__Task brief__. Would you please return the lines of the entries below starting at the line that has "A minimalist, double" and ending at the line that has "Barrio Ricos y", both included, exactly as they are?

__Exercise inputs__.

● ● ●

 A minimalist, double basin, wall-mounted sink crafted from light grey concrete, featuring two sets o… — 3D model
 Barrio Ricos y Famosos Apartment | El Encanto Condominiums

● ● ●

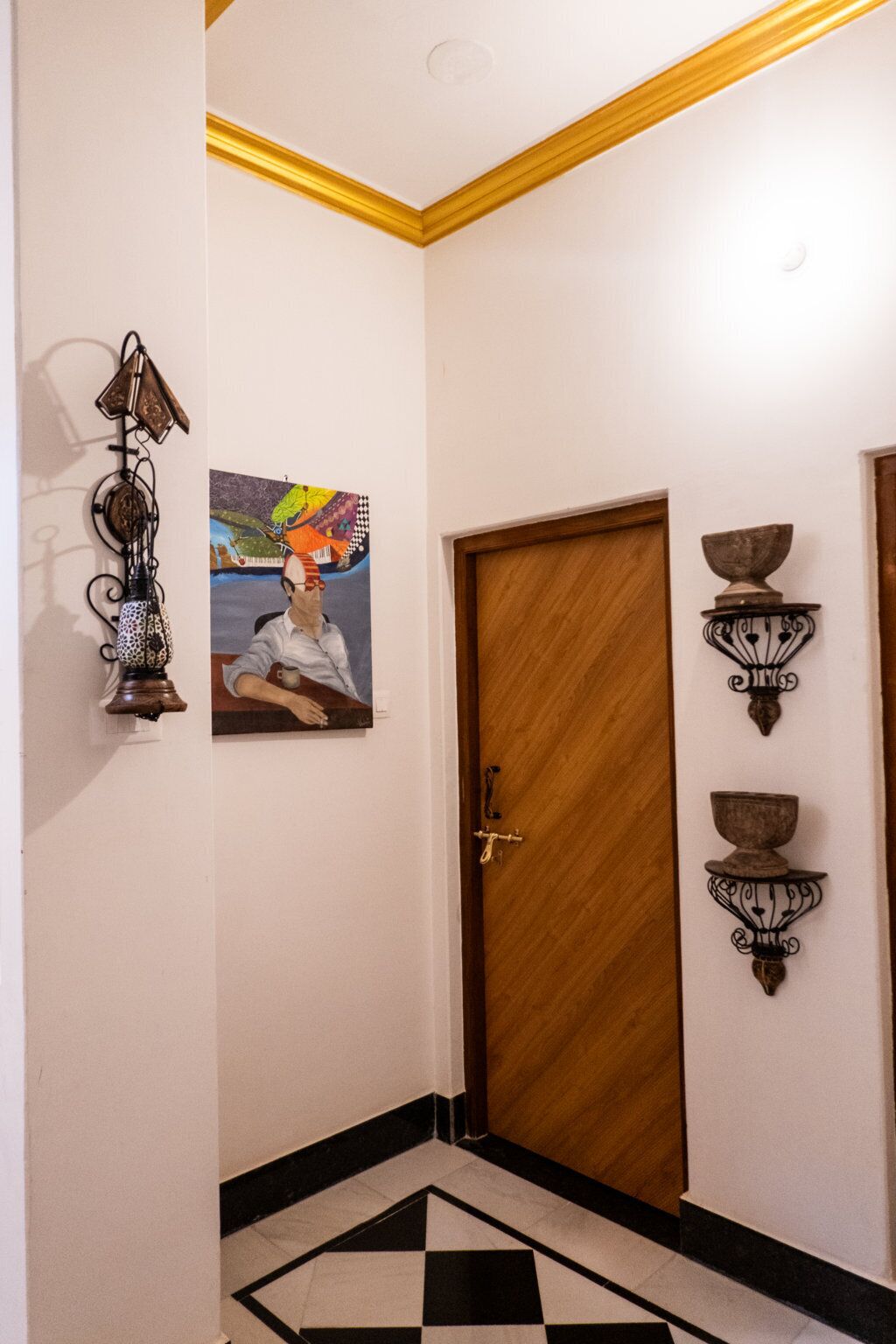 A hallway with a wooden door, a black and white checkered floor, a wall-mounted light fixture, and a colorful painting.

● ● ●

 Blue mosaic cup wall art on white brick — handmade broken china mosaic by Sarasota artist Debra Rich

● ● ●

__Expected answer__.
 A minimalist, double basin, wall-mounted sink crafted from light grey concrete, featuring two sets o… — 3D model
 Barrio Ricos y Famosos Apartment | El Encanto Condominiums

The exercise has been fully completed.